Jesse Bhullar, the State Highway Safety Engineer, has been working at Caltrans for about 20 years in various aspects of traffic safety: investigator, database manager, researcher, and, currently, manager of the Caltrans Strategic Highway Safety program. He is one of four co-leaders (along with OTS's Chris Murphy) of the group overseeing development of the state’s Strategic Highway Safety Plan. He is the Caltrans representative in the group.

What role can the establishment and promotion of a traffic safety culture play in advancing traffic safety goals?
There is a very big role that it can play, but first we have to help people realize there can be such a thing as a traffic safety culture. You can see it in places like France, Australia, Sweden.

What are the obstacles?
The biggest obstacle is the lack of people’s awareness. If I ask my neighbors, friends, family, who are not involved in traffic safety, how many people die on our roadways, their answers are not even close. If people are made aware, they do band together to do something about it, but it’s not easy to promote that awareness. We as traffic engineers, educators, enforcers have collectively not been able to make our case to the public.

That is the big piece of traffic safety. There are things that we know work, that we know save lives, but because of the lack of awareness of the size of the safety problem, there isn’t support or funding, so we can’t do them—proactive safety, for example.
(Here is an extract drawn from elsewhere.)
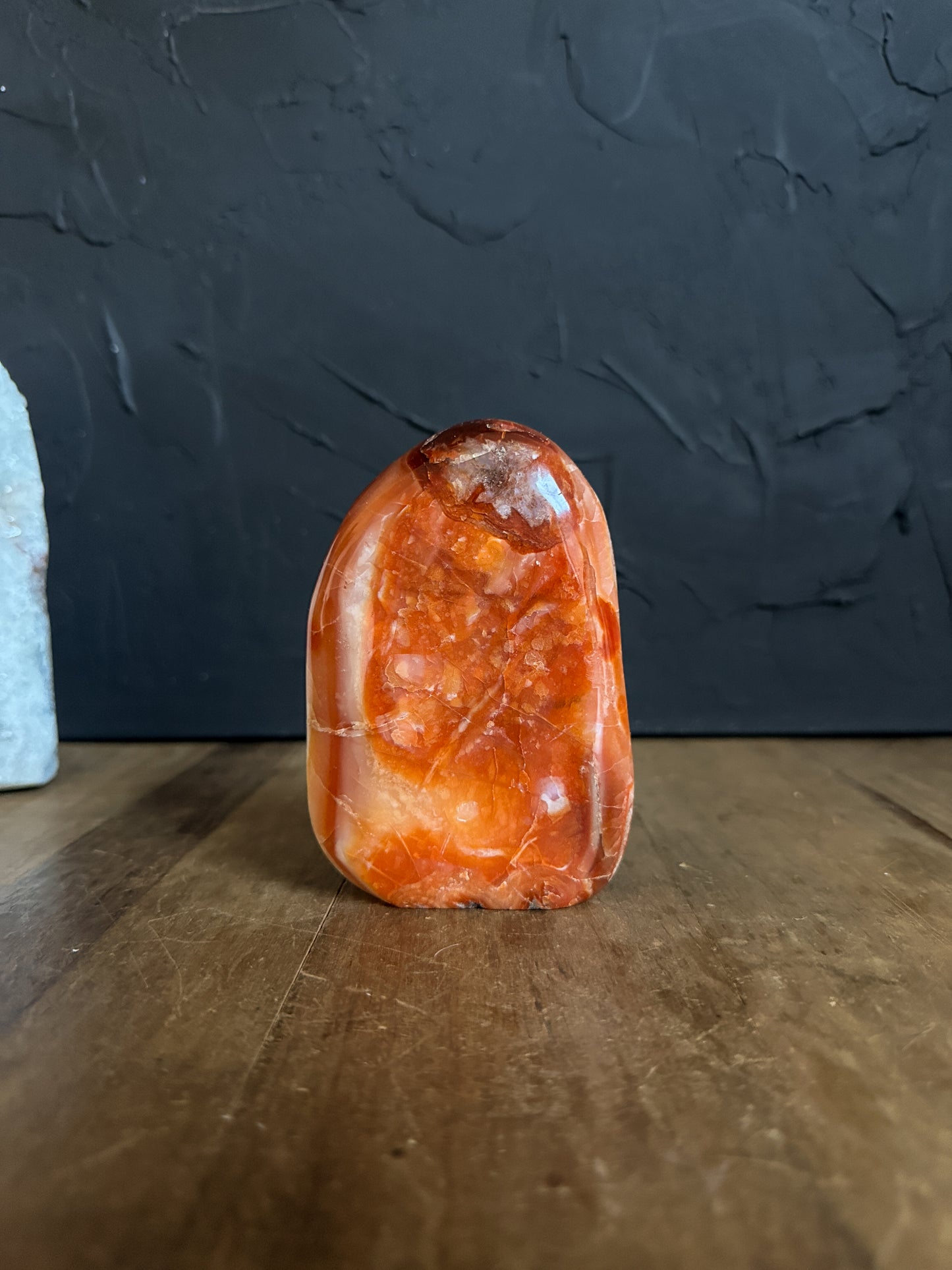 Carnelian, a vibrant and energizing crystal, resonates with the sacral and solar plexus chakras.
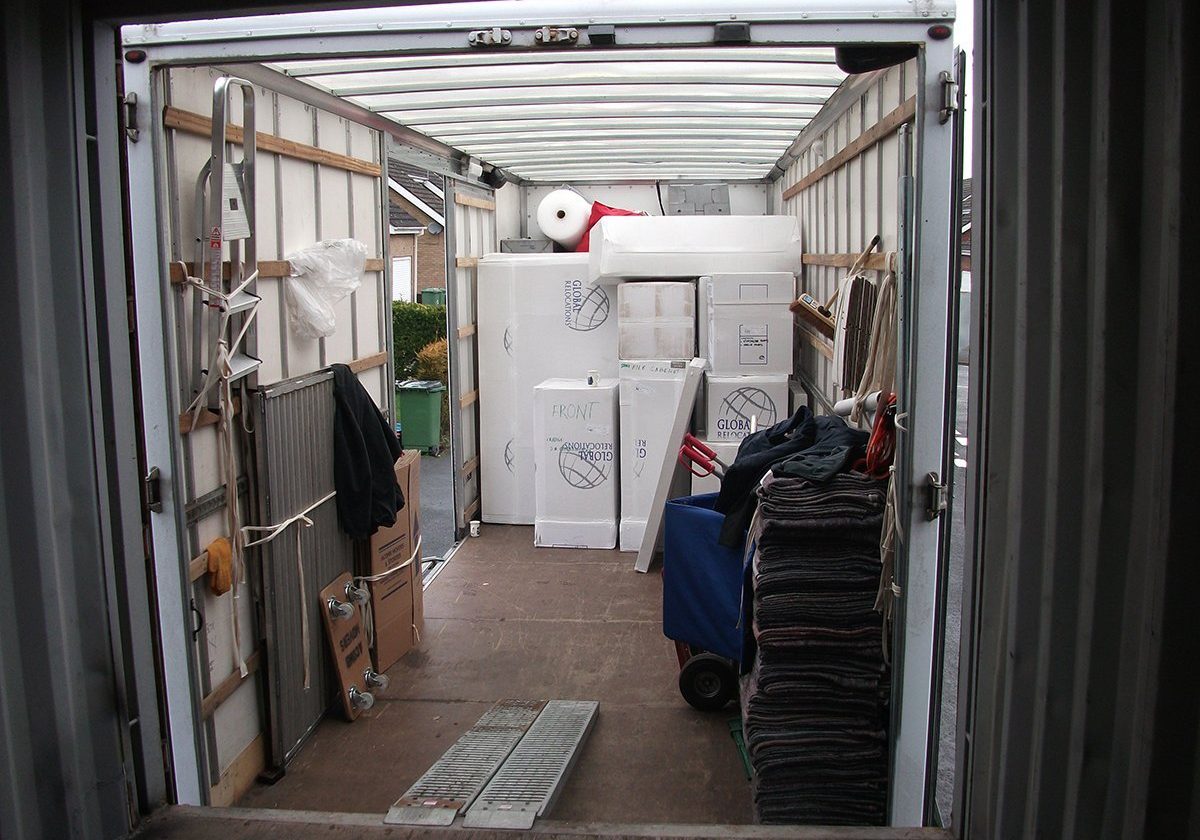 inside of acomb storage van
What are some examples of proactive safety measures?
Take rumble strips. We know they work. As soon as you start to veer off the road, because you’re dozing or you’re distracted, you feel the vibration. That tells you that you’re leaving the road, but you’re only four or five inches off the road so you can steer yourself safely back. If there is no rumble strip, you could be four or five feet off the road before you realize what has happened, and then you over-correct, and that’s where the head-on and running-off-the-road collisions happen.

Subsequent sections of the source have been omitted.